Problème ? Seules 150 entreprises de mode seraient concernées en France.

La raison ? La loi vise seulement les sociétés qui "emploient, (...), au moins 5000 salariés en son sein et dans ses filiales directes ou indirectes dont le siège social est fixé sur le territoire français, ou au moins 10 000 salariés en son sein et dans ses filiales directes ou indirectes dont le siège social est fixé sur le territoire français ou à l'étranger."

À ce jour, on n’a pas encore utilisé cette loi pour engager la responsabilité d’une marque. - Nayla Ajaltouni 

C’est ce qui fait que de grandes enseignes comme Zara ou H&M, qui n’emploient pas le minimum d’employés requis par la loi en France, se trouvent exemptées de cette obligation légale et des éventuelles sanctions qui lui sont liées, comme sa mise en responsabilité civile et/ou pénale ou encore l’interdiction d’accéder à certains financements.

"À ce jour, on n’a pas encore utilisé cette loi pour engager la responsabilité d’une marque", précise Nayla Ajaltouni qui parle d’une loi au succès presque symbolique pour les acteurs de la mode.

Malgré tout, celle loi aura eu le mérite de déclencher une prise de conscience législative dans plusieurs pays occidentaux mais aussi au niveau de la Commission Européenne. Ce jeudi 1er juin, le Parlement européen a adopté un texte de loi au sein de la commission parlementaire "Affaires juridiques".

Intitulée la Corporate Sustainability Due Diligence (CSDD) - visant à rendre les entreprises européennes responsables de l’impact social et environnemental de leurs activités sur l’ensemble de la chaîne de production.

Un "texte de compromis", note le collectif dans un communiqué transmis à la presse, qui l’estime "bien affaibli par l’influence disproportionnée de grandes entreprises, à laquelle s’est ajoutée l’offensive des eurodéputé·e·s conservateurs soucieux de préserver les intérêts économiques privés."

Devoir de vigilance, une loi inefficace ?

10 ans après la tragédie du Rana Plaza, peu de choses ont changé du côté des pratiques de la fast fashion.

Selon l’ONG Public Eye, « le modèle d’affaires de l’industrie textile n’a quasiment pas changé » avec des enseignes de la mode rechignant à « prendre de véritables mesures sur d’importantes questions comme celles des salaires et de la répression des syndicats ».

Au lendemain de l’entrée en vigueur de la loi, des associations françaises dont le collectif Ethique sur l'Étiquette, déploraient l’insuffisance des plans présentés par les entreprises.

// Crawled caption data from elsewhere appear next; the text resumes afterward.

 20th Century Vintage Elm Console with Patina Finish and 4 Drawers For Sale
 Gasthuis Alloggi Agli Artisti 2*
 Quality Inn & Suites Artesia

"Ils sont souvent incomplets et parfois même inexistants, indiquent-t-elles. Il est urgent que les entreprises se conforment à cette obligation, mais aussi que les autorités françaises rendent cette loi encore plus ambitieuse, à la hauteur des enjeux actuels", avaient dénoncé dans un communiqué commun les ONG Sherpa, Éthique sur l'Étiquette, CCFD Terre Solidaire, Amnesty International France, Amis de la Terre France et ActionAid France - Peuples Solidaires.

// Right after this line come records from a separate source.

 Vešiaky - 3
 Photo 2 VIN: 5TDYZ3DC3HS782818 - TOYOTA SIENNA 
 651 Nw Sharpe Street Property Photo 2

Il est urgent que les entreprises se conforment à cette obligation, mais aussi que les autorités françaises rendent cette loi encore plus ambitieuse, à la hauteur des enjeux actuels.

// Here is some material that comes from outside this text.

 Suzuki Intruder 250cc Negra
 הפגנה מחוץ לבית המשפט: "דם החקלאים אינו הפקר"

Or les jugements rendus en janvier dernier ne semblent pas aller dans ce sens, en dépit du caractère encourageant de la tenue de tels procès.

En effet, selon le juge des référés du Tribunal de Paris, le devoir de vigilance reste un principe général.

"Les entreprises sont libres de définir les moyens et les règles pour s’y conformer du moment que figurent les éléments énoncés à l’article L. 225-102-4 du Code du commerce". De quoi ouvrir la porte à une interprétation de la loi bien plus laxiste, en lieu et place d’une jurisprudence qui aurait pu venir préciser le droit au lieu de le rendre abstrait, à la faveur de multinationales toujours en quête de failles judiciaires pour mieux les détourner à leur avantage.

Reste à savoir si la phase de négociation engagée par le Parlement européen permettra d’aboutir à l’adoption de la directive CSDD.

Si tel était le cas, le devoir de vigilance serait appliqué aux entreprises européennes - ou actives sur le marché européen - les forçant à se responsabiliser quant aux dérives éthiques de l’industrie.